**BRIEF**
Lines from the one with "Chocolate Salami" up to and including the one with "Single Sim Card" are to be copied exactly from the records below, without their pictures.

**SOURCE DATA**
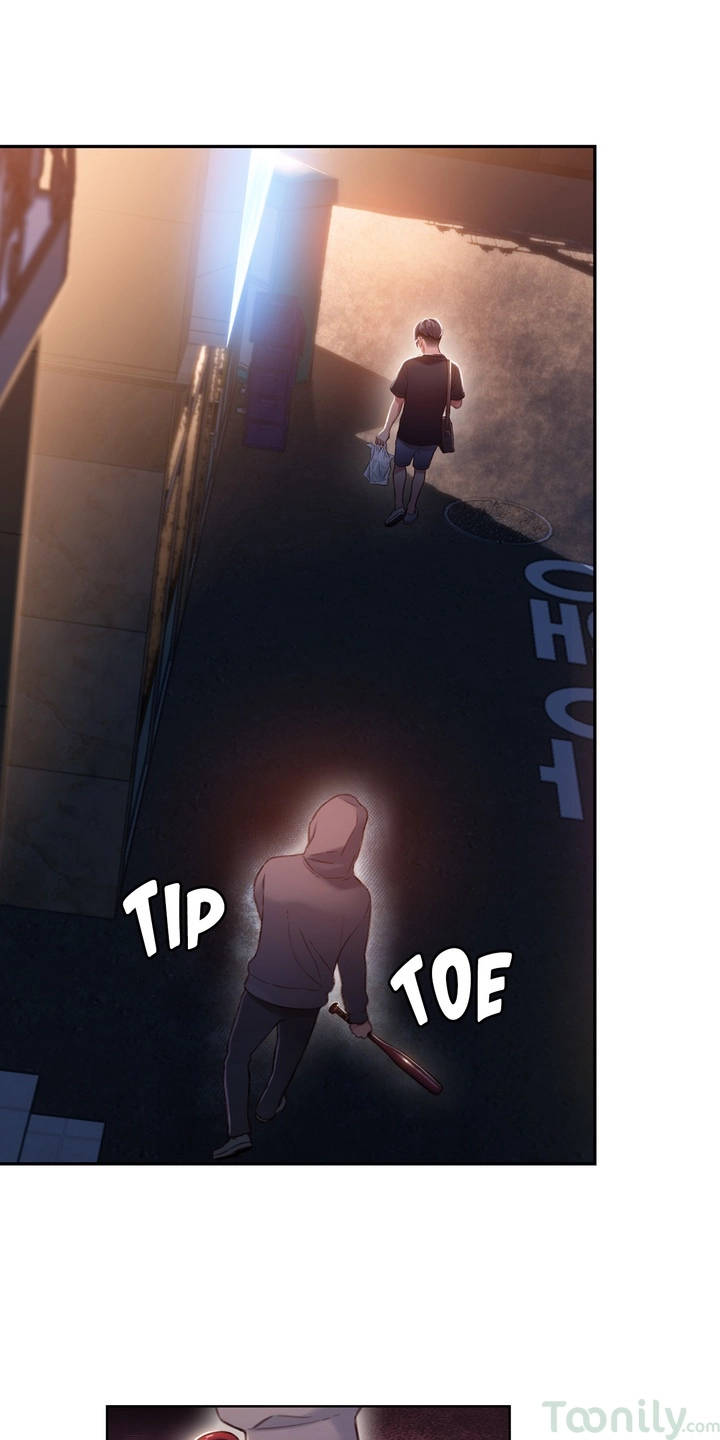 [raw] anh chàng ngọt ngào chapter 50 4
...
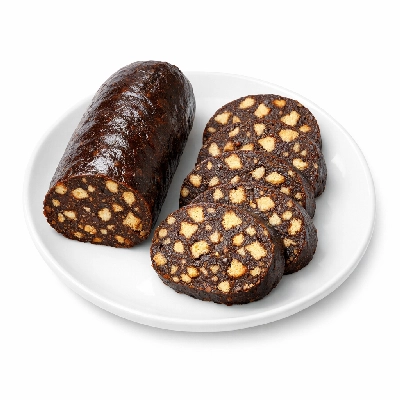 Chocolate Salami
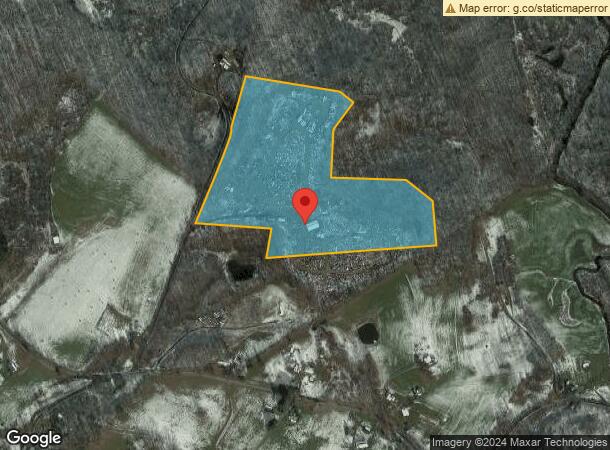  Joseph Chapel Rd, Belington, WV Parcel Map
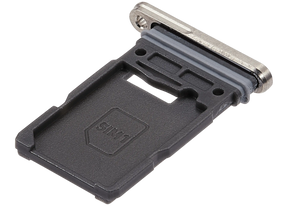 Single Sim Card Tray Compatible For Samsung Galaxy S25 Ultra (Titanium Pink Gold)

**REPLY TO THE TASK**
 Chocolate Salami
  Joseph Chapel Rd, Belington, WV Parcel Map
 Single Sim Card Tray Compatible For Samsung Galaxy S25 Ultra (Titanium Pink Gold)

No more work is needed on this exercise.